Administrative division of Nazi Germany

The Reichsgau Tyrol-Vorarlberg (German: Reichsgau Tirol-Vorarlberg) was an administrative division of Nazi Germany consisting of Vorarlberg and North Tyrol (both in Austria). It existed from 1938 to 1945. It did not include East Tyrol (Lienz), which was instead part of Reichsgau Carinthia.

After the Italian Armistice with the Allies the Italian provinces of Belluno, South Tyrol and Trentino were placed under direct German control as the Operational Zone of the Alpine Foothills (Operationszone Alpenvorland, OZAV), which was de facto annexed and administered as part of Tyrol-Vorarlberg.

==History==
The Nazi Gau (plural Gaue) system was originally established in a party conference on 22 May 1926, in order to improve administration of the party structure. From 1933 onwards, after the Nazi seizure of power, the Gaue increasingly replaced the German states as administrative subdivisions in Germany. On 12 March 1938 Nazi Germany annexed Austria and on 24 May the Austrian provinces were reorganized and replaced by seven Nazi party Gaue. Under the Ostmarkgesetz law of 14 April 1939 with effect of 1 May, the Austrian Gaue were raised to the status of Reichsgaue and their Gauleiters were subsequently also named Reichsstatthalters.
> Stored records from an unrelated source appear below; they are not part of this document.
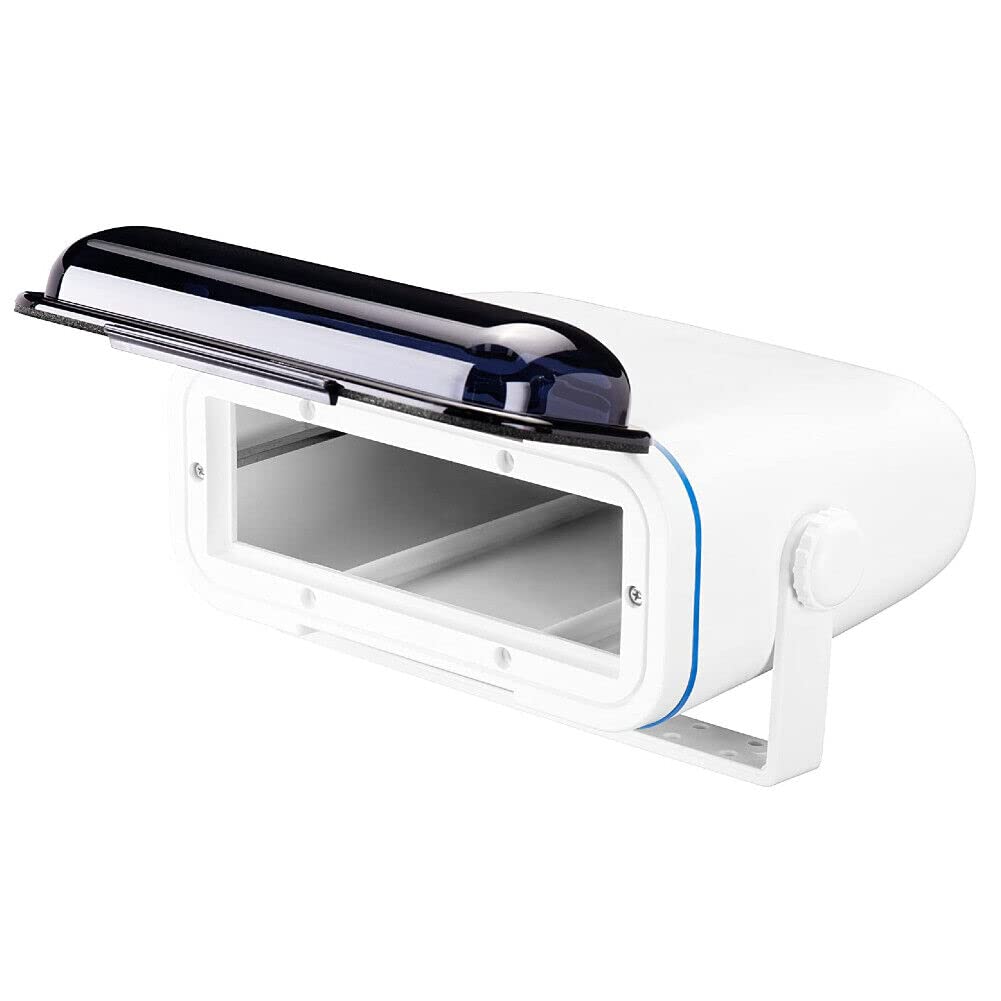 1 AUDIO SYSTEMS MRH7 contenitore per stereo o autoradio marina impermeabile e resistente all'acqua e al sole bianco per barca piscina gommone, 1 pezzo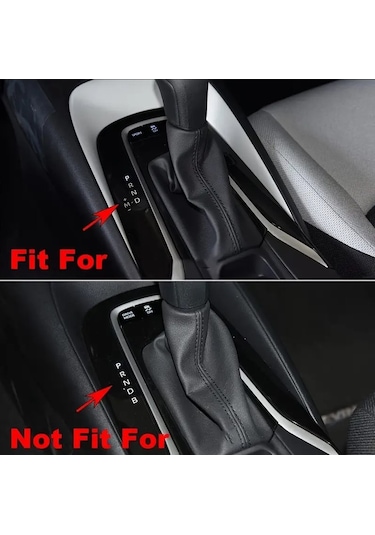 Toyota Corolla 2019 - 2025 E210 Kasa Vites Etrafı Kaplama Set Karbon Siyah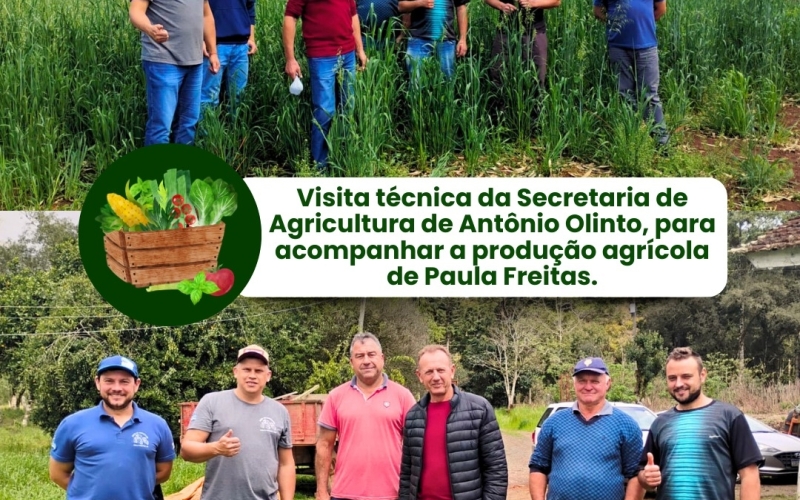 Visita da Secretaria de Agricultura de Antônio Olinto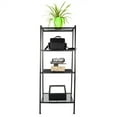 thumbnail image 6 of 4-Tier Ladder Shelf Portable Bookcase Bookshelf Display Rack Plant Stand Leaning for Living Room Bedroom Bathroom Office Indoor/Outdoor, Black, 6 of 10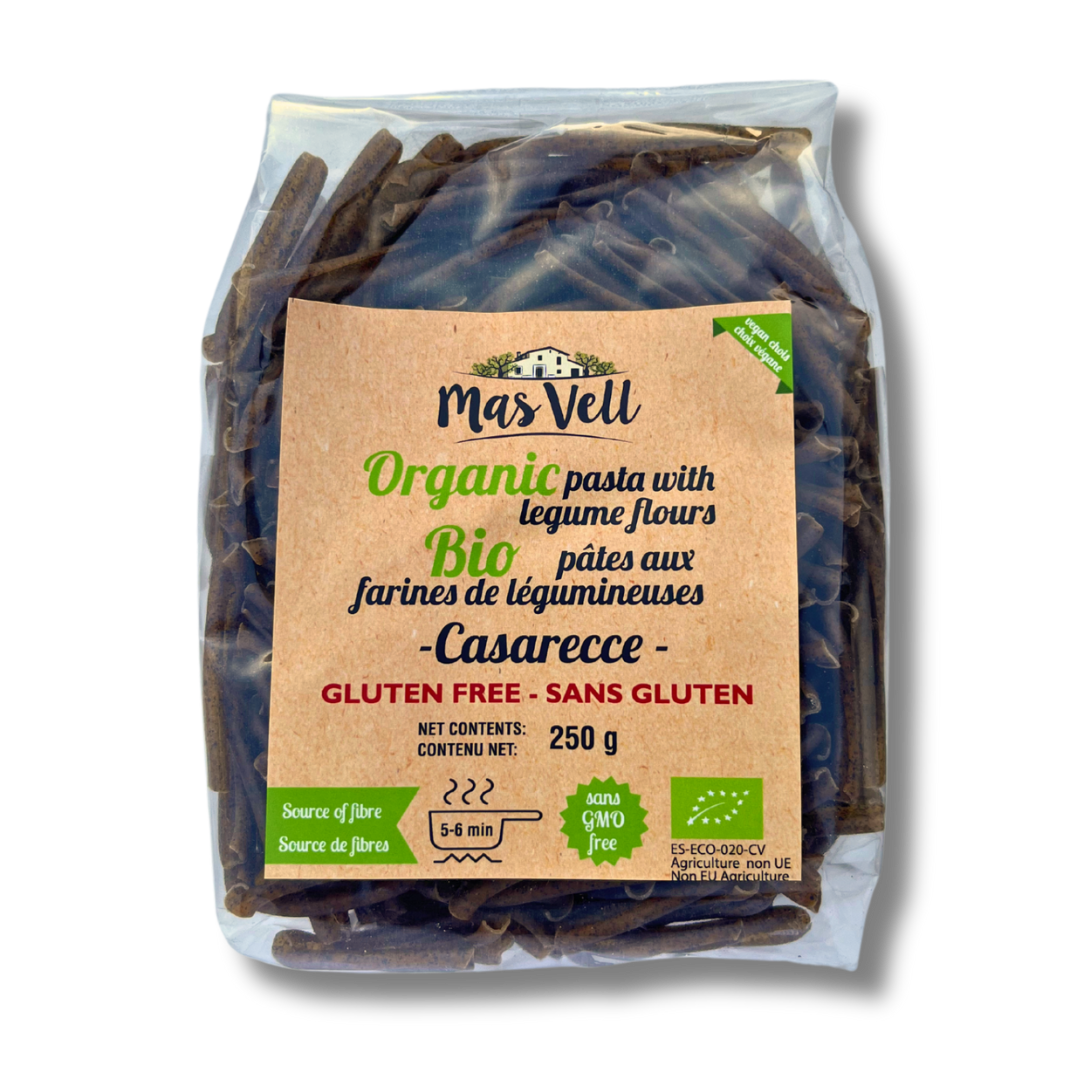 Pasta Casarecce Legume - Pasta Casarecce Legumbres. Mas Vell, 250g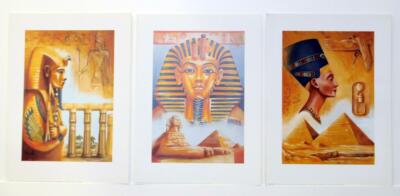 Sammlung Fine Art Ägyptische Drucke Tutanchamum/Pyramiden Dieter Berndl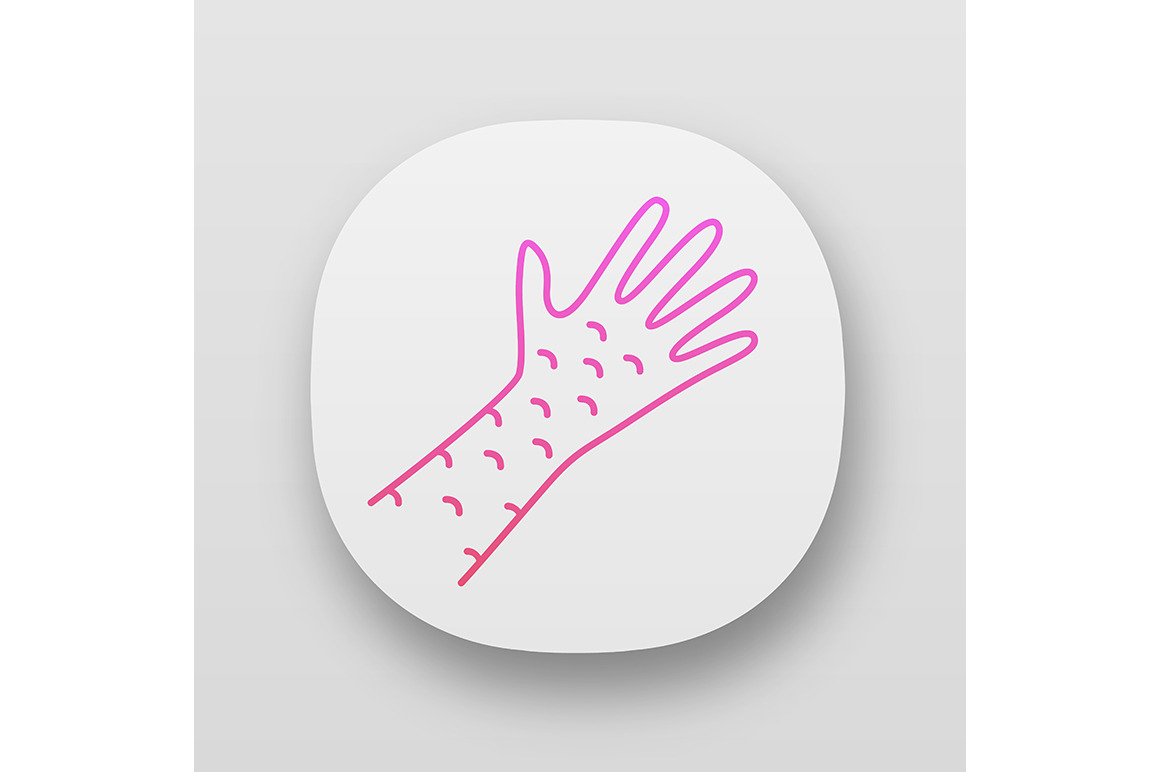 Skin rash, hives app icon, an Outline Icon by bsd studio | Creative Market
At the head of each Gau stood a Gauleiter, a position which became increasingly more powerful, especially after the outbreak of the Second World War. Local Gauleiters were in charge of propaganda and surveillance and, from September 1944 onwards, the Volkssturm and the defence of the Gau.

The position of Gauleiter in Tyrol-Vorarlberg was held by Franz Hofer throughout the Reichsgau's history from 1938 to 1945.

At the end of the Second World War, Tyrol-Vorarlberg became the French occupation zone in Austria.